「モーリス」 1987年英国

hitto2012-07-07

今日は七夕、今夜の空模様はどうなんだろう?
夫君は土曜日出勤、何やらイベント会場へ。


昨日の日中はパラパラという感じでずっと雨が降っていたけれど、丁度おじいちゃんがデイから帰って来たころからは土砂降りに変わり、それが朝方まで続いていました。
深夜になってから、雷が落ちドンという音に何度か起こされた記憶が・・。

昨夜から中国近畿のアチコチで河川の増水や道路の浸水、突風に雷、どこかで竜巻という注意報もあったような。
朝方になりほとんどの警報が解除され、今は道路が少しづつ乾いてきています。
七夕飾りの願いごとが雨に流されそうで泣きそうになる。


昨日は接骨院
帰り道の商店街には地域の幼稚園、保育園、小学生が作った七夕飾りが飾られています。
願い事のどれもが可愛らしく微笑ましいものでした。
みんな願いが叶うといいね。

さて、今日も映画の感想をチラッと残しておこう。
「モーリス」 1987年イギリス映画 

またしても、学生を主人公にした映画。
もう25年も前の映画で、大変話題になった作品らしいが、私は全くどんな映画かも知らずに観ていたので、兎に角ビックリでした。

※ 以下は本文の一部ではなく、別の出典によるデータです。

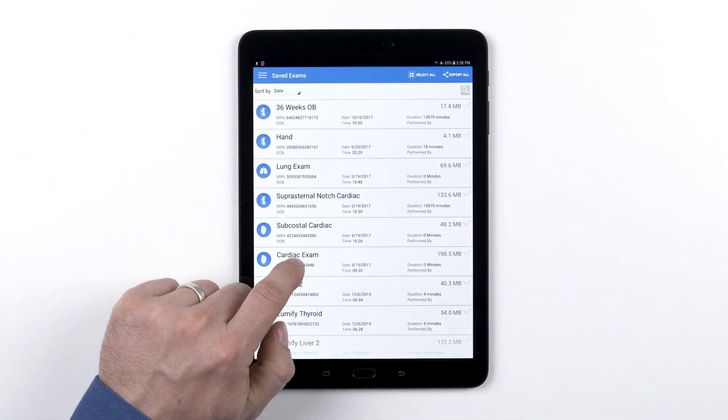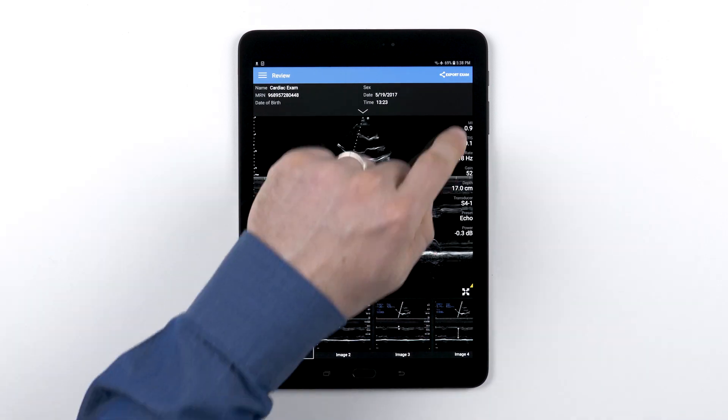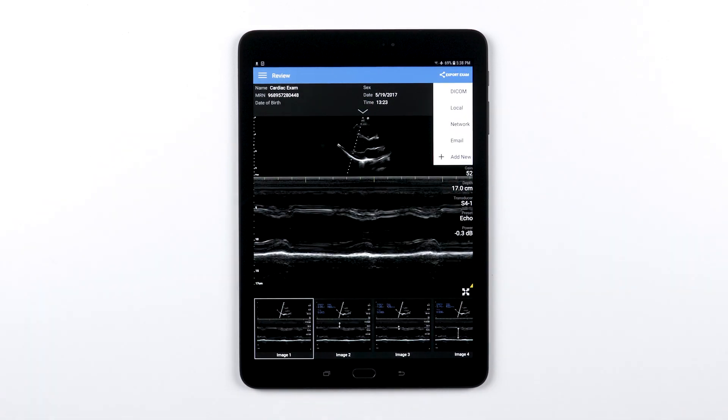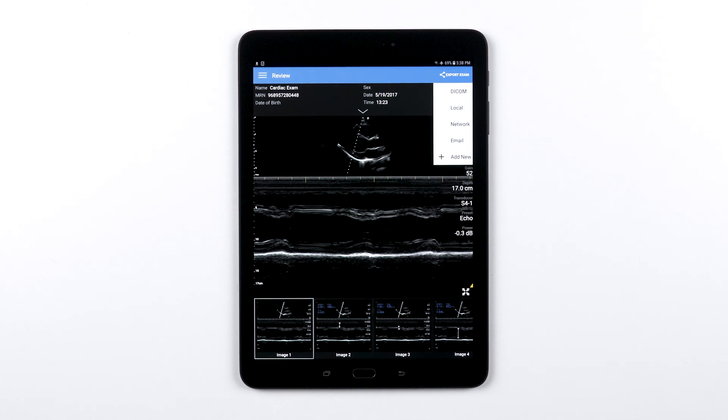Tap the export icon in the top right. You will be prompted to choose the destination you would like to use to export that exam to. This is where it's important to accurately name your destinations so you know which one to use.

舞台はイギリス、しかもこちらも超エリートのケンブリッジ大学
冒頭の海辺のシーンがおかしな感じだったので、純愛ものかと思いながら観ていましたが、純愛と言えば、確かに純愛で・・ただし同性愛だから、かなり戸惑います。

今でこそ、珍しいことではないのでしょうが、同性愛がどんなものなのかという興味は持てても、そこへ身を置く者でなければ本当の意味で理解するのは難しいと思います。
けれど、なんら男女の恋愛と変わるものではないと、一度納得させてしまえば、それはそれで主人公モーリスの気持ちに近づくことができ、スっと感情移入することができてしまう。

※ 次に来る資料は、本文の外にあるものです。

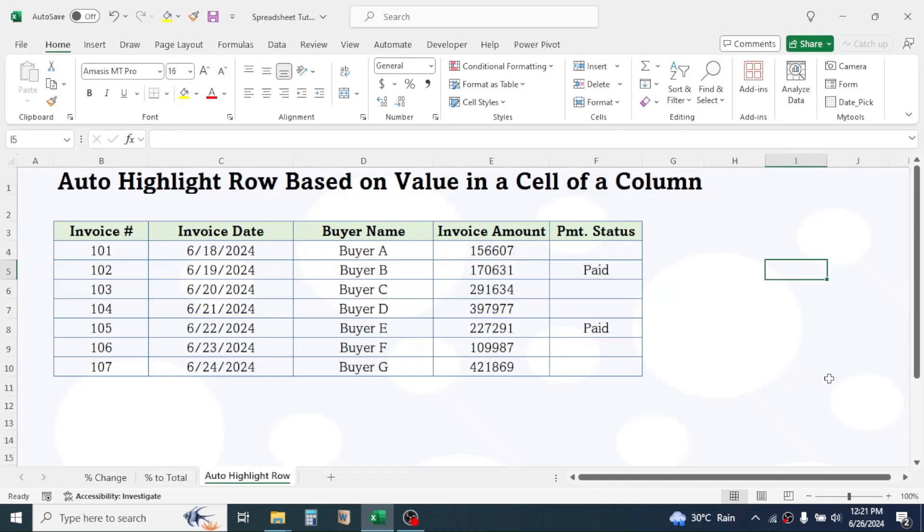In this tutorial, you will learn how to automatically highlight the row based on value in a cell of a column in Microsoft Excel.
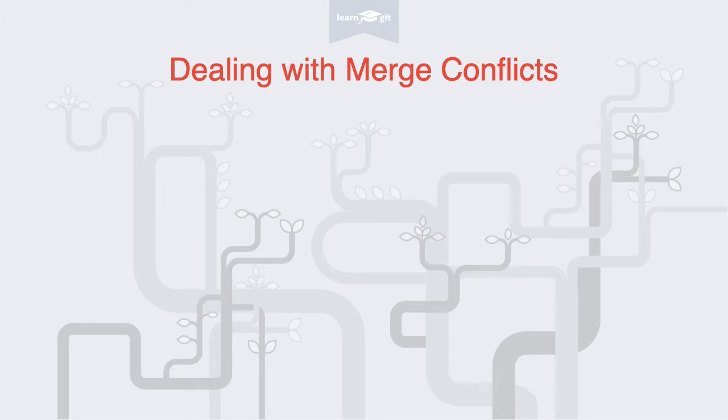Welcome to a video series on learning version control with Git. Today we'll talk about a somewhat scary topic: merge conflicts.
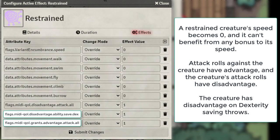Restrained. Here you can see that the creature's movement becomes 0. All attack rolls against this particular creature have advantage. However the creature's attack rolls have disadvantage, and it also has disadvantage on Dexterity saving throws.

時代が1909年のことだから、今から100年も前の話し、日露戦争が終わったあたりか。
イギリスが同性愛を犯罪と扱っていることにまず驚きました。
これは、抑圧されて尚更燃え上がるものだろうか?
しかし捕まってしまうと悲惨なことになります。
自分ひとりの問題ではなく家族や親類にまで迷惑を掛けることになる。
しかもケンブリッジ大学の優等生ですから尚のこと。


それが性なら、誰が禁じられようか・・と、今の時代だから当たり前に思うのですが、果たして・・今の時代でも衝撃は大きいものだと思います。
当時は規則にまでなっているのだから、同性愛者はどこかでモラルに反する罪悪感に苦しめられている。
モーリスの相手、クライヴ・ダーハム(ヒュー・グラント)若い、とても生き生きとして輝いて見える。
友情という一線を或る日突然越えてしまい、相思相愛を確認し二人の秘密の関係を続けなければいけないので、より一層激しさが感じられます。

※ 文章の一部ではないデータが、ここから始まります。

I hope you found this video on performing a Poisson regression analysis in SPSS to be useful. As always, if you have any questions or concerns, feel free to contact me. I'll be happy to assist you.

或る日、クライヴは同期の友人が同性愛者であることがばれて逮捕されるのを見てから、自分は進められるままに他の女性と結婚してしまう。
なのに、モーリスはクライヴの別荘へ滞在したりするのだから。
もうこれは、生き地獄、結婚相手の女性との三角関係というか、それよりもモーリスの気持ちを考えると悲惨な状況。


クライヴは、モーリスにも普通の結婚をと望んでいる素振りだったけれど、友情と恋愛と、どちらともつかない感情が見え隠れしていて、より残酷な立場に追いやられているモーリスが不憫になってしまう。
次第にクライヴに対する愛情も冷め、モーリスは新しいパートナーと出会う。


そして同性愛を罪としているイギリスでは暮らせないと、海外へ旅立つことになるのですが。
この時に感じたのは、クライヴの気持ちが複雑に絡み混乱しているのではないかということ。
それまではモーリスを気に掛け友情に変えていこうとしていますが、心の中では愛し続けていたのじゃないかと思う。
結婚相手の女性には、誠実に愛情を注いでいたけれど、こちらは誤魔化しの現実で、理想はやはりモーリスとの繫がりだった気がする。


兎に角、全編写される映像が素晴らしい。
モーリスもクライヴも男性でありながら女性とは違う美しさを感じてしまう。

それにイギリスの郊外といい、ケンブリッジ大学という格調高い建物も、女性の衣装も何か全て日本とは違う別世界のような感じがして、それだけを観ていても楽しい映画でした。